Drone imagery also enables real-time collaboration between the field and the office, especially when potential delays arise. One BLM permit requirement, for instance, called for the relocation of all cactus and endangered plants, and drone imagery eased the effort.
“If we’ve got a problem that comes up, we can all look at the drone data to talk about it intelligently,” Janssen said. “We’ve got people on the ground tagging and identifying saguaro and other cacti, then crews go pick them up and move them out of our right-of-way. By looking at the imagery before and after, we can see which cacti make it through the move and which might need some help.”
Creating a System of Record to Guide Operations
The careful collection of construction data and an accurate record of what was on the land before construction started will also support the ownership and operation of SunZia.
“We’ve taken a photo of every single crack that looked like it was susceptible to any kind of damage during construction,” Janssen said. “That crack may come back to be a big deal 10 years down the road.”
GIS records of project construction will be useful for at least the next 20 years. These records will guide the operations team in its upkeep of wind turbines and transmission lines and stations when the project is officially handed off to that team.
“Having the common GIS platform makes that job so much easier for us,” said Janssen. “We have the data already assembled, and the construction observations packaged up.
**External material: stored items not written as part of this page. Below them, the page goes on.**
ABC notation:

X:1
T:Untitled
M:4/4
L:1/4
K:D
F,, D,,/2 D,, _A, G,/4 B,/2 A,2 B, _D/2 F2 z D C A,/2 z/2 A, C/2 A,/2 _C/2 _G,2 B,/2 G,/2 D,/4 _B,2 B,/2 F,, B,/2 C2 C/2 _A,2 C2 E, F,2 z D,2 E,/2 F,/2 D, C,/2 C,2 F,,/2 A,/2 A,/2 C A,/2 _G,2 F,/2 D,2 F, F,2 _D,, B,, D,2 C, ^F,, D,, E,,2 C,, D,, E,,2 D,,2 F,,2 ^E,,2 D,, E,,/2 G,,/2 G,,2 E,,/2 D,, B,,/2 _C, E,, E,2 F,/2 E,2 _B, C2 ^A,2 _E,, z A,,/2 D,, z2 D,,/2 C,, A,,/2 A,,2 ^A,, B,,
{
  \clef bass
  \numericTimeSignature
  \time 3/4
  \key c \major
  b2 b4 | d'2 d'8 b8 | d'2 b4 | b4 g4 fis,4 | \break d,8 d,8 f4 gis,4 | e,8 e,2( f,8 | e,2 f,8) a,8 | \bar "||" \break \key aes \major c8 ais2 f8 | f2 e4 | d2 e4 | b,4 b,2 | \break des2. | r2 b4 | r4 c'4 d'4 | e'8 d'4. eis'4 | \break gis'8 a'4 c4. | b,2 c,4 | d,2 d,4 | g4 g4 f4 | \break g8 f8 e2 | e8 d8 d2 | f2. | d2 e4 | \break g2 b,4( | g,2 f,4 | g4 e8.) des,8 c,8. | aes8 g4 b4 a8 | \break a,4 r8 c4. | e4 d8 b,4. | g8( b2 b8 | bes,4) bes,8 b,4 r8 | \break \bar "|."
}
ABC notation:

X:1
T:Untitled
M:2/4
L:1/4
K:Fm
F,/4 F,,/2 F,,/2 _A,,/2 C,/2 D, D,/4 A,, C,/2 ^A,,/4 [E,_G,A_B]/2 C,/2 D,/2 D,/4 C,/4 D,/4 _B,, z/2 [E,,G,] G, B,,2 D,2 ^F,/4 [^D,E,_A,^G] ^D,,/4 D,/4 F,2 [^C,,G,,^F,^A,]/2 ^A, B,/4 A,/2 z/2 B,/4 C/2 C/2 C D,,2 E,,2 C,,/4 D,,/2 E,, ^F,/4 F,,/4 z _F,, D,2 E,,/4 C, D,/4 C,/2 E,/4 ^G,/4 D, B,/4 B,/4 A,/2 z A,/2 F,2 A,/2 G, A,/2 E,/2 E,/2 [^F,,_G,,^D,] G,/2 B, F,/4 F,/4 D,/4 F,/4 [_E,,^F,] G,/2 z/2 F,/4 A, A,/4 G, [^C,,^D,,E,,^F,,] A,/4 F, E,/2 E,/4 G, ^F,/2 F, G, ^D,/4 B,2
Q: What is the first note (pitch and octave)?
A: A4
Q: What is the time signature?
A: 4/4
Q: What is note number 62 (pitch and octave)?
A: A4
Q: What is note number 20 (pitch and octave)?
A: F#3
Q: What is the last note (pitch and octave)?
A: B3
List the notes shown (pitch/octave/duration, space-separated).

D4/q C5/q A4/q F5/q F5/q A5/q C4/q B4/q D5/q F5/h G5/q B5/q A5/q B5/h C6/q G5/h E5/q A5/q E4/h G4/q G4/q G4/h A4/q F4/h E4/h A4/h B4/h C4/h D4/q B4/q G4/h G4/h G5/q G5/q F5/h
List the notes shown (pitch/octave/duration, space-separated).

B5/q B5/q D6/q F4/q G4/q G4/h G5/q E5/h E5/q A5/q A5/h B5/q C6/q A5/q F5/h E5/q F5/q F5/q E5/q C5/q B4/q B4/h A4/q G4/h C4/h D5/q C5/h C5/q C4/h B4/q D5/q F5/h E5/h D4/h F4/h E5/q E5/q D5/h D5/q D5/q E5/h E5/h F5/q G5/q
This helps the operations team digest it and get up to speed on the project.”
Well before construction started, Pattern Energy’s SunZia project was praised for its many potential benefits. These included creating good-paying jobs, lowering energy costs, stopping power outages in the face of extreme weather, and accelerating the transition to clean energy. However, it took 15 years for the utility-scale energy project to finalize all the necessary approvals.
“What gets the most attention in the industry seems to be the length of time it’s taken to bring this to market,” Janssen said.
The many agencies involved in the project in different jurisdictions had a lot to do with the long delay. But other clean energy projects have also faced long development timelines, leading to calls for bipartisan legislation to reform the permit process.
From Pattern Energy’s perspective, the documentation of end-to-end workflows could speed future permitting and construction. If regulators embraced technology and used GIS-powered digital twins for approvals and oversight, inspections could happen remotely with online approvals. This level of modernization would be in-line with a growing local government trend to electronically process permits and enforce requirements via online tools.
“We are hoping some of the lessons we’ve learned during permitting and construction—collaborating with GIS—can help us streamline the environmental review process so we can be more efficient,” Janssen said.